Work required: Only the tail of the listing is wanted: the line containing "Tommy Hilfiger Bayan" and all after it, repeated exactly, pictures omitted.

Dataset section:

====================

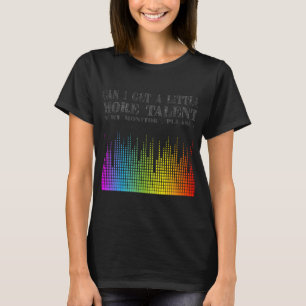 Camiseta Posso ter um pouco mais de talento no meu monitor,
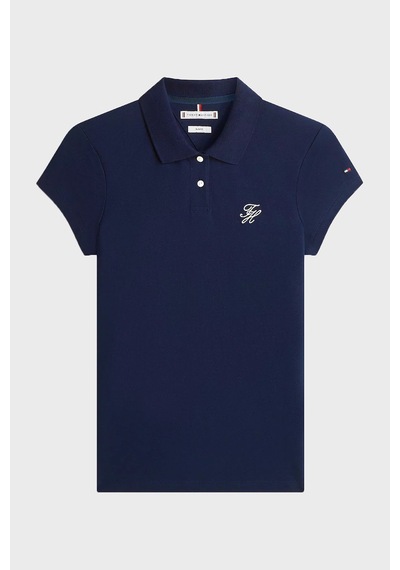 Tommy Hilfiger Bayan Polo Yaka T Shirt Ww0ww49259 C1g Lacivert Lacivert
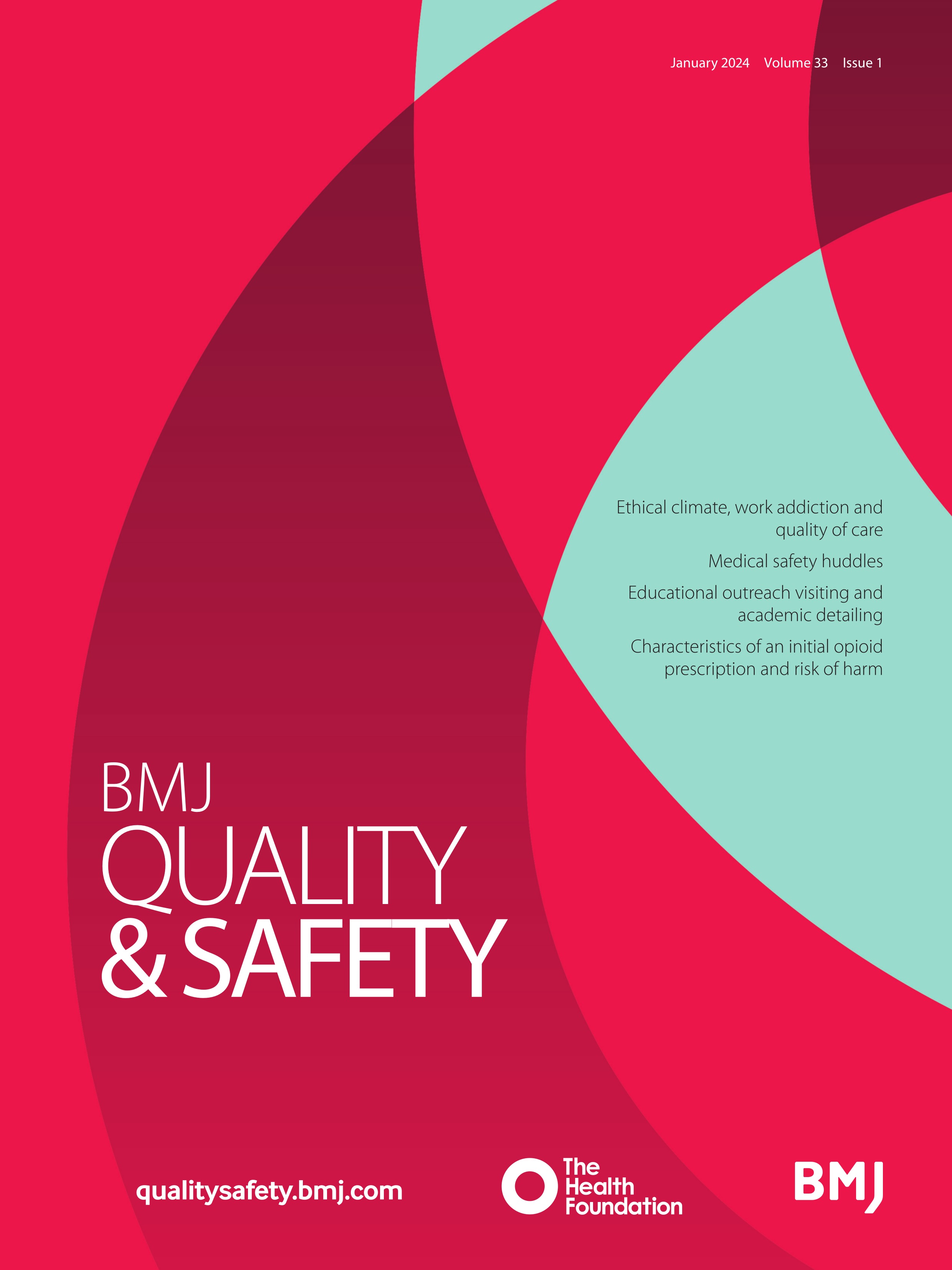 Medical safety huddles to engage frontline physicians in patient safety: calling physicians back to the table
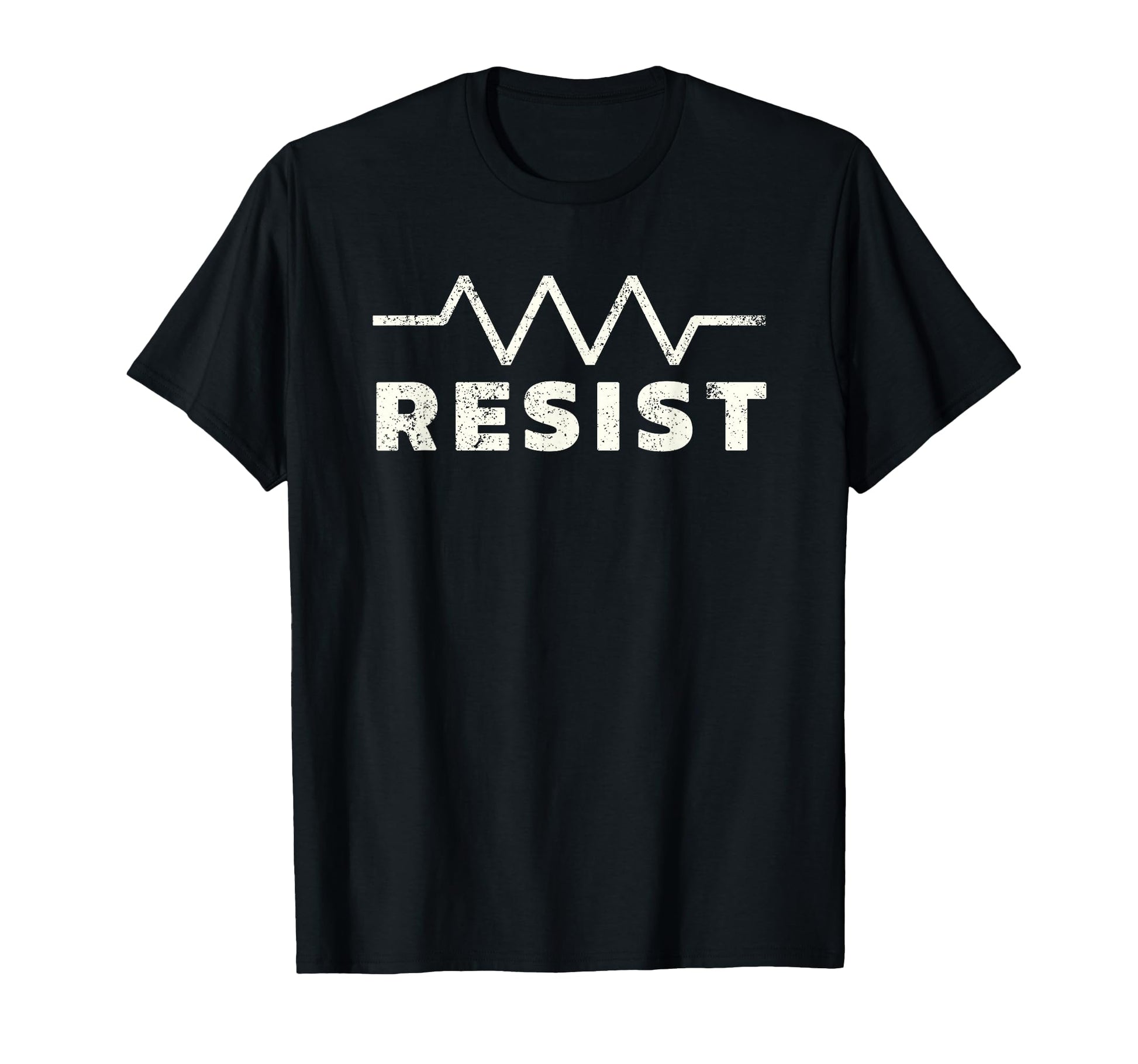 Resistor Symbol Resist Funny T-Shirt - Fun Novelty Design for Adults - T-Shirt, Sweatshirt, Hoodie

====================

Exercise output:
 Tommy Hilfiger Bayan Polo Yaka T Shirt Ww0ww49259 C1g Lacivert Lacivert
 Medical safety huddles to engage frontline physicians in patient safety: calling physicians back to the table
 Resistor Symbol Resist Funny T-Shirt - Fun Novelty Design for Adults - T-Shirt, Sweatshirt, Hoodie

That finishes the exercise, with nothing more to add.